### AIM OF THE EXERCISE
Look for the word "Jumping" in the records, and copy each line where it appears.

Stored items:
________________________________________
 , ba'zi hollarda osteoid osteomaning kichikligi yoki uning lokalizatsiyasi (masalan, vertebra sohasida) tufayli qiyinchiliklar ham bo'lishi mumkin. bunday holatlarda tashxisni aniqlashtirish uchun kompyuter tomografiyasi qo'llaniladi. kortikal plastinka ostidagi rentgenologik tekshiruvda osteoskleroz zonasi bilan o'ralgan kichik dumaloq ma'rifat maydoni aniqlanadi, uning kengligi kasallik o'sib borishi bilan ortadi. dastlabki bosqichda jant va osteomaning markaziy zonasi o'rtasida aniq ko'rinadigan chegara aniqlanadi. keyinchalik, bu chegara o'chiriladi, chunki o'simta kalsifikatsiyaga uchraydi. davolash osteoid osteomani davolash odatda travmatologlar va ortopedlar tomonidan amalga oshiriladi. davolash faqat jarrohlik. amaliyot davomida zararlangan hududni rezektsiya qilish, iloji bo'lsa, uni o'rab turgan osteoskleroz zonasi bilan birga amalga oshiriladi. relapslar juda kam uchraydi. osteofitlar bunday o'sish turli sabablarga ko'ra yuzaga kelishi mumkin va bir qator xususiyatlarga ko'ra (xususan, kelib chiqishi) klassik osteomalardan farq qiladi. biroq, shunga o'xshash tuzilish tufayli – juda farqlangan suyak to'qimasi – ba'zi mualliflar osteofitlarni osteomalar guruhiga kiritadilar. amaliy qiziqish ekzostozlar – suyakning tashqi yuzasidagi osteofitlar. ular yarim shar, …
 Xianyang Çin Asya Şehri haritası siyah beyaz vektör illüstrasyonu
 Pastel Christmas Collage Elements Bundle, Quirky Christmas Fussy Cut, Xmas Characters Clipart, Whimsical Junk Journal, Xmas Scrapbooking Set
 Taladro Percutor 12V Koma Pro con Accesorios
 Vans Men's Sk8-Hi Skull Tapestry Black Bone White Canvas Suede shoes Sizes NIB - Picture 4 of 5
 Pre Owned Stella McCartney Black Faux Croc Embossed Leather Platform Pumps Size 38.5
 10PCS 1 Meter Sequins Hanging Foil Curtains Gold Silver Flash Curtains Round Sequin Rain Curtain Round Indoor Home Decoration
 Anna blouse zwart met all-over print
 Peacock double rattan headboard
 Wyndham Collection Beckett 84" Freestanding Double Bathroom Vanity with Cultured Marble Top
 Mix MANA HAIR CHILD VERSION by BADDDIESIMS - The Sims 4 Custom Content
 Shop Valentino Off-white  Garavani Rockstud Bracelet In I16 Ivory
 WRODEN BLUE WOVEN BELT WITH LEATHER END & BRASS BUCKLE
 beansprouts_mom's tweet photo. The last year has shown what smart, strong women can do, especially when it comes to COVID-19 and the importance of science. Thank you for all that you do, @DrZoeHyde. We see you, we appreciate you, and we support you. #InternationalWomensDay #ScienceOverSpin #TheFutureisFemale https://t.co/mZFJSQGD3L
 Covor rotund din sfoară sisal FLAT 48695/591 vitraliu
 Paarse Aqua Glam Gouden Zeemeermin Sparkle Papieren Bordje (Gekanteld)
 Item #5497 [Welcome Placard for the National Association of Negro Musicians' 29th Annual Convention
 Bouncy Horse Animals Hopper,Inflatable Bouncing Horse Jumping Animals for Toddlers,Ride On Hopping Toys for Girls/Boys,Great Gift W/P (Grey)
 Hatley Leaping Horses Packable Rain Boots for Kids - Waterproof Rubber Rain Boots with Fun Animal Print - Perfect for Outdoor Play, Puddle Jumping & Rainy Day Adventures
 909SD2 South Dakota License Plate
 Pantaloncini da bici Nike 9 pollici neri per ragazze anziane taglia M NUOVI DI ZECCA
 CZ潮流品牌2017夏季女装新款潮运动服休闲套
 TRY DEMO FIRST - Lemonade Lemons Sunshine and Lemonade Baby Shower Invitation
________________________________________
### SOLUTION TO THIS EXERCISE
 Bouncy Horse Animals Hopper,Inflatable Bouncing Horse Jumping Animals for Toddlers,Ride On Hopping Toys for Girls/Boys,Great Gift W/P (Grey)
 Hatley Leaping Horses Packable Rain Boots for Kids - Waterproof Rubber Rain Boots with Fun Animal Print - Perfect for Outdoor Play, Puddle Jumping & Rainy Day Adventures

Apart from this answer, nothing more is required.